Ford made the announcement at Queen’s Park on Tuesday, noting that it is the “first pillar” of a six-part plan to respond to the second wave of the pandemic with more announcements to come this week.

As part of the $70 million plan, the province has ordered 5.1 million flu vaccine doses, which represents a 16 per cent increase on the 4.4 million doses it ordered last year.

It will also set aside $26.5 million to purchase additional flu vaccine doses if required and for the first time will make high-dose vaccines for seniors available at select pharmacies, so that they can be more easily accessed.

“We know that a second wave is coming, we know that it will be more complicated than the first wave, we know it will be more challenging on the system, what we don’t know is how bad it will be, how hard we will get hit because that is up to all of us, we all have a part to play and it starts with everyone getting their flu shot this year,” Ford said in making the announcement.

Ontario had more than 5,000 flu-related hospitalizations last year

Ford said that the vaccination program being administered by his government will be “the largest and most comprehensive in Canada’s history” and will hopefully result in a reduction in the 5,719 flu-related hospitalizations in Ontario last year, thus freeing up more capacity for potential COVID-19 patients.

At the height of the first wave of the pandemic in April there were 1,043 people in hospital.

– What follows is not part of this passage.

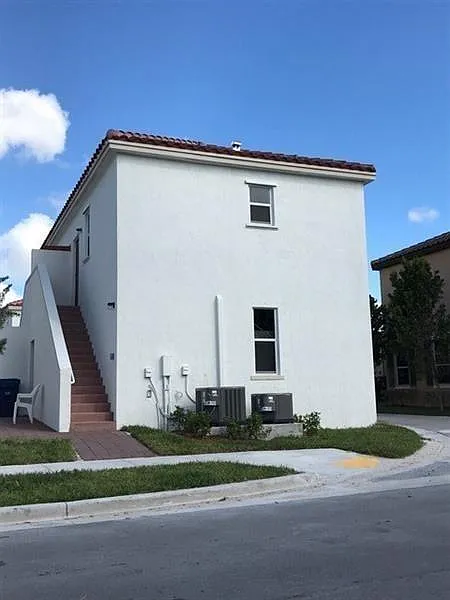 Studio, 1.0 bath, 475 sqft, $1,575 — Photo 2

That number dipped to as low as 32 in August but has started to inch back up in recent weeks and now stands at 82.

“Never before have the flu shots been so critical. Someone has a runny nose or maybe your kids have a runny nose and right away it is going to backlog the system again,” Ford warned on Monday, noting that he planned to be “the first in line” to get a flu shot this year. “It is just better if we take the flu shots.”

Horwath says Ford only 'has a plan to have a plan'

Opposition parties have repeatedly criticized Ford for not releasing his second wave preparedness plan sooner amid a steady increase in COVID-19 infections but on Tuesday he defended the delay and said that his government has “been working around the clock all summer long” to prepare for a possible resurgence of the virus.

He also said that the staggered release of the various elements that make up the plan is necessary in order to ensure that Ontarians are able to absorb all the details.

“This is a massive, massive plan, it is jammed with items and if we laid it all down at once the message isn’t going to get out to the people,” he said

Speaking with reporters following Ford’s announcement on Tuesday, NDP Leader Andrea Horwath likened his government’s preparedness for an inevitable second wave to “having a plan to have a plan.”

She said that while the flu shot program will be important amid a global pandemic, the Ford government needs to do more than “just make a pronouncement that you have got to get your flu shots and this is how many are going to be available.”

“Of course flu shots are important. I think everybody knows flu shots are important. I think it has been clearly articulated by health experts that this will be an important year for folks to get their flu shots but what we didn’t hear was an addressing of some of the pressure that that increased demand is going to create and particularly about what pediatricians have been saying recently, which is that they are not going to be able to provide the same type of clinics that they have in the past (due to the need for physical distancing). Where is the plan to address that?” she asked.

Health Minister Christine Elliott says that the province will begin prioritizing early distribution of the flu shot to vulnerable populations in long-term care homes, hospitals and retirement homes in the last week of September. The flu shot will then be made available to the general public sometime in early October with a public education campaign encouraging people to get their flu shot being launched ahead of that.